The Police Murder of Margaret Mitchell



http://www.revcom.us/a/v21/1010-019/1010/lapd.htm


It was rush hour on La Brea Ave. in Los Angeles, Friday afternoon, May 21. People heading south from Hollywood crowded the supermarkets on their way home. Commuters waited at the bus stops and school kids walked along in lively groups. At 4:20 p.m. a single gunshot exploded near the corner of 4th and La Brea. The LAPD shot dead Margaret LaVerne Mitchell.

Margaret Mitchell, a homeless 54-year-old Black woman, was pulling a shopping cart along the street. Two cops on bicycles, one male and one female, approached and started harassing her. Under a California law, police can ticket people and confiscate their carts--for supposedly not having a store's permission to take the carts onto the street. The law is enforced only against the homeless, and it takes from them the little that they have.

Margaret Mitchell walked away from the police. Her shopping cart held all her possessions, including the nice red blanket that was sort of her trademark with the people in the area. As she walked down the street, someone driving by recognized her, pulled over and tried to talk the cops out of hassling her. But the cops continued their pursuit. One witness, a Black man in his 40s, saw her running and pulling the cart behind her as the cops ran after her. "My first thought was, `Oh, man. When they catch this person they're going to beat her.' That was my first thought. I didn't see the guns. I just saw the cops running. And I saw her in front of them running. And then I heard the bam! It was so sudden that I didn't even realize she was shot until moments later when I processed it and I saw her laying on the ground. I thought, `Oh my god, they just shot that woman!"'

Victim in the War on the People

Margaret Mitchell was 5 foot 1 and weighed 102 pounds. People in the neighborhood did not know her name until after the shooting. But they knew her as a soft-spoken woman who smiled a lot. The police claim that she had a "weapon" in her hand--a screwdriver. They say she threatened to kill them, that she "lunged" and "slashed" at the male cop--causing him to "fear for his life." Police Chief Bernard Parks and spokesmen are arrogantly defending these killer cops. They have repeated over and over that "none of the witnesses contradicted the account given by the officers." They are lying.
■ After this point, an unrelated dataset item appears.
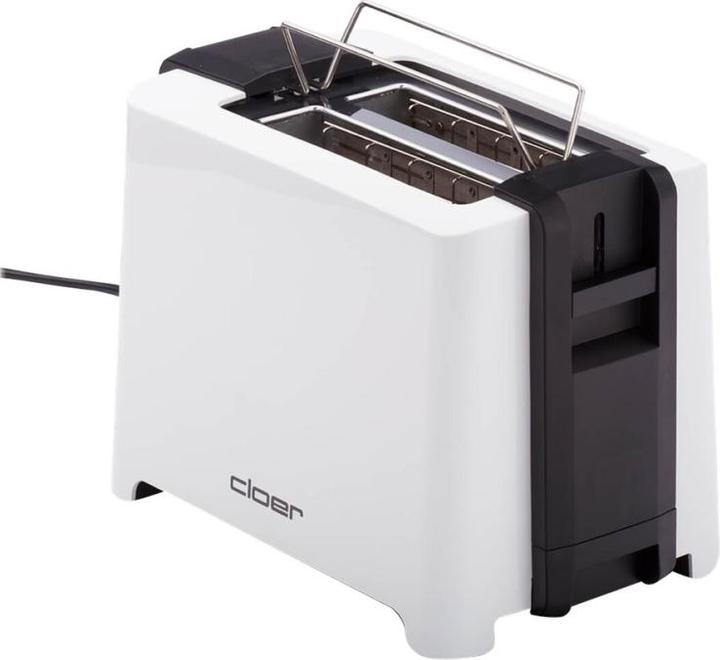 Produktbild Cloer 3531 Toaster weiss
This cold-blooded police murder happened on a six-lane street during rush hour in the middle of a shopping district. There were many outraged eyewitnesses who spoke to reporters at the scene or called radio and TV stations to get the truth out. All of these witnesses contradicted the police version. All of these witnesses agreed with the account that the RW heard from the people on the street: Margaret Mitchell was going away from the police with her back turned when she was shot, and she was not even holding the screwdriver. A salesman at the automobile dealership at 4th and La Brea said, "She never threatened anyone." So did another man who talked to a KNX radio reporter. These comments have been public since the very first news reports. Two or three witnesses insisted she was shot in the back. A lawyer for her family is calling for an independent autopsy.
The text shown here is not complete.